Les médecins d’Épinal rejugés en appel

Deux médecins et un radiophysicien sont rejugés à partir du 12 novembre pour avoir accidentellement soumis 24 patients à des doses de radiations trop élevées alors qu’ils étaient traités pour un cancer de la prostate. Le parquet a interjeté appel de la condamnation pour homicide et blessures involontaires rendue en première instance : 18 mois de prison ferme, et une interdiction d’exercer. Récit de l’audience d’ouverture.

Paris - Île de la Cité: Palais de Justice
Palais de Justice de Paris (Flickr / Wally Gobetz)

C’est une nuée de caméras qui fond sur les victimes de l’accident d’Épinal au bout du couloir du Palais de Justice de Paris. Les yeux aveuglés par les flashs, les parties civiles tentent de se faufiler vers la salle, sous les cris des journalistes : « parlez-nous, on est venus pour vous ! ».

Eux aussi sont venus pour eux.

Des années après les faits qui sont se déroulés entre 2002 et 2006, la douleur est toujours vive – au sens propre, puisque les victimes souffrent de cystites et de rectites invalidantes suite à leur surexposition. Certains ont eu les intestins brûlés. Devant le cordon de sécurité qui bloque l’accès à la prestigieuse 1ère chambre de la Cour d’appel, une femme interpelle un médecin : « vous savez que vous êtes coupable, vous êtes un malade ! ».

Du haut du balcon réservé à la presse, une vue plongeante sur un parterre où se serrent toges noires et têtes blanches. La première adresse du Président concerne l’aménagement de la salle, toute en dorures et courants d’air, « prestigieuse mais peu pratique » : les éventuelles suggestions des parties pour en modifier l’agencement seront les bienvenues. Des dizaines de témoins vont s’y succéder jusqu’au 12 décembre, dans un confort tout relatif.

Cette première audience débute par l’énumération des 450 personnes à s’être portées partie civile. Ils sont environ 80 à être venus depuis les Vosges pour témoigner de leur souffrance. Droits, grisonnants, revêtus d’écharpes rouges à l’unisson, ils se lèvent à tour de rôle en entendant leur nom, annoncent leur présence d’une voix ferme. Certains, trop malades pour faire le déplacement, ont envoyés leurs proches. Deux autres n’auront pas vécu assez longtemps pour voir l’affaire rejugée.

Les témoins sont ensuite invités à quitter la salle pendant la lecture du rapport de faits. Le récit de l’un des plus graves accidents radiologiques au monde est glaçant.
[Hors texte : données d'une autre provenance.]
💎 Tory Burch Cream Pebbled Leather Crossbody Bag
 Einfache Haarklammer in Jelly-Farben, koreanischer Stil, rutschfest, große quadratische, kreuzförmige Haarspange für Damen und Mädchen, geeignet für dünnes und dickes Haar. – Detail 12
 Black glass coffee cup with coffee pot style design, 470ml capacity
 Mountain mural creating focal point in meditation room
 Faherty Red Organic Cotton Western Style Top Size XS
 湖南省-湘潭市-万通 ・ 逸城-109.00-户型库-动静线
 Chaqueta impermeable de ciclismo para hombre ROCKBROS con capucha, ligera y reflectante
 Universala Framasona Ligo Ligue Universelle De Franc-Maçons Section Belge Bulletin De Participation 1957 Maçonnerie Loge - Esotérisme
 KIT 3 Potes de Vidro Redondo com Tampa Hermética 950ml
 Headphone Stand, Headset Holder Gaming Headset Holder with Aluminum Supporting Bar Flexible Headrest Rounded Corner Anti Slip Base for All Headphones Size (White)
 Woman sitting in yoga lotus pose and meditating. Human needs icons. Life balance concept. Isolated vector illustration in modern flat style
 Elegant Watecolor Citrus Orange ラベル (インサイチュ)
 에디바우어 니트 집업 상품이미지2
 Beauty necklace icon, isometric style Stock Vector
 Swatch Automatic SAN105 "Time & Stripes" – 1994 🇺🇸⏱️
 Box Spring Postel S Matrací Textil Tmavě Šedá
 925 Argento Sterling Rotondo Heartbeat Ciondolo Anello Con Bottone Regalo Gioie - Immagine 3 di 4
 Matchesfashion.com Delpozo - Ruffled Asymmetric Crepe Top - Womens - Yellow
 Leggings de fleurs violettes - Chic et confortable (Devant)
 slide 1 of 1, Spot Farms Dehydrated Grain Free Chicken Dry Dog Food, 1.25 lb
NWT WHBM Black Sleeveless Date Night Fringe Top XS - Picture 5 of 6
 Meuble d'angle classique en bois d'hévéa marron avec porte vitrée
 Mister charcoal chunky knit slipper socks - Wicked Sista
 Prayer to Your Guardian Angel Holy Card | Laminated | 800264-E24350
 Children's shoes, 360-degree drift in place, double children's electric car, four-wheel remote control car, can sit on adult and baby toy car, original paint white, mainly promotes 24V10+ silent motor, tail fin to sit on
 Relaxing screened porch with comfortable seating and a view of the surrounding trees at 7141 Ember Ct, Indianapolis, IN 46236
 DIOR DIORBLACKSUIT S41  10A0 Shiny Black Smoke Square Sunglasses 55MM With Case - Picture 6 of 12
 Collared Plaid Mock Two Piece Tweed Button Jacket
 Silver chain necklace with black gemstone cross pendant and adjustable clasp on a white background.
De mauvaises manipulations répétées sur les installations de radiothérapie, « dont l’interface était en langue anglaise », ont entraîné chez de nombreux patients des surirradiations pouvant dépasser de 20% les normes de sécurité. 12 personnes en sont décédées. Les principaux intéressés reprochent au personnel médical de leur avoir longtemps caché l’accident, et d’en avoir dissimulé les preuves. Certains d’entre eux ont appris les faits en surprenant les conversations d’autres médecins et patients. D’autres…

Il manque une page au rapport du Président. D’autres ont appris bien plus tard ce dont ils avaient été victime, par hasard ou dans la presse.

La page était mal classée.

« Il y a un avant et un après Épinal », déclare le Président, avant d’ajourner l’audience jusqu’au lendemain. Une réalité inscrite dans la chair de ses victimes.